Here at Brimble, we often receive calls from confused home owners wanting to know the difference between Direct and Indirect cylinders. So to help you decipher what you already have installed, or what you’re going to need we’ve outlined the differences below with some handy cutaways from out main Cylinder Supplier, Joule UK.
As you probably know, a hot water cylinder is just a store of, you guessed it, hot water, that is then pumped around your house and comes out of your taps. The “Direct” or “Indirect” name is given to a cylinder to describe how that water is heated.
The clue with Direct Cylinders is in the name. The water inside that cylinder has a heating element or more usually two, called Immersion Heaters, think of these immersions as the metal element inside your kettle. Electricity is used to heat up the immersion element, which is submerged DIRECTLY into the water inside the tank, heating it to the required temperature. You can see on the cutaway the white heads of two immersion elements. The bottom is usually what people describe as using Economy 7, cheap off peak electricity to heat the entire cylinder from the bottom up. The second element located in the middle of the cylinder is the “Boost” option, allowing the user the ability to heat only a small part of the cylinder for a quicker boost of hot water when required.

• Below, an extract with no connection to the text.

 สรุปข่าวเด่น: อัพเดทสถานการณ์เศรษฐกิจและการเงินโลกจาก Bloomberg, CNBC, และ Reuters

In contrast to direct, Indirect cylinders use an external heat source, almost always a gas boiler, to heat water. This hot water is then piped into a metal coil sat submerged inside the cylinder. The heat from the boiler water transfers via the coil to heat the cylinders water without the two ever meeting. This allows water travelling through your boiler and radiators (usually a dirty brown colour if not treated properly) to remain separate from water in the cylinder which will come out of your taps.
The cut away on the left shows the metal coil sat inside the cylinder, it’s this coil that contains the hot water from your boiler, acting as a radiator to heat the separate cylinder water. You may have also noticed the white emersion heater showing on the bottom right of the cylinder in the picture. These are included in an Indirect Cylinder (even though they are a form of direct heating) in case of emergency boiler break downs or if you have solar PV on your property, allowing you to use free electricity to heat your cylinder instead of the gas boiler.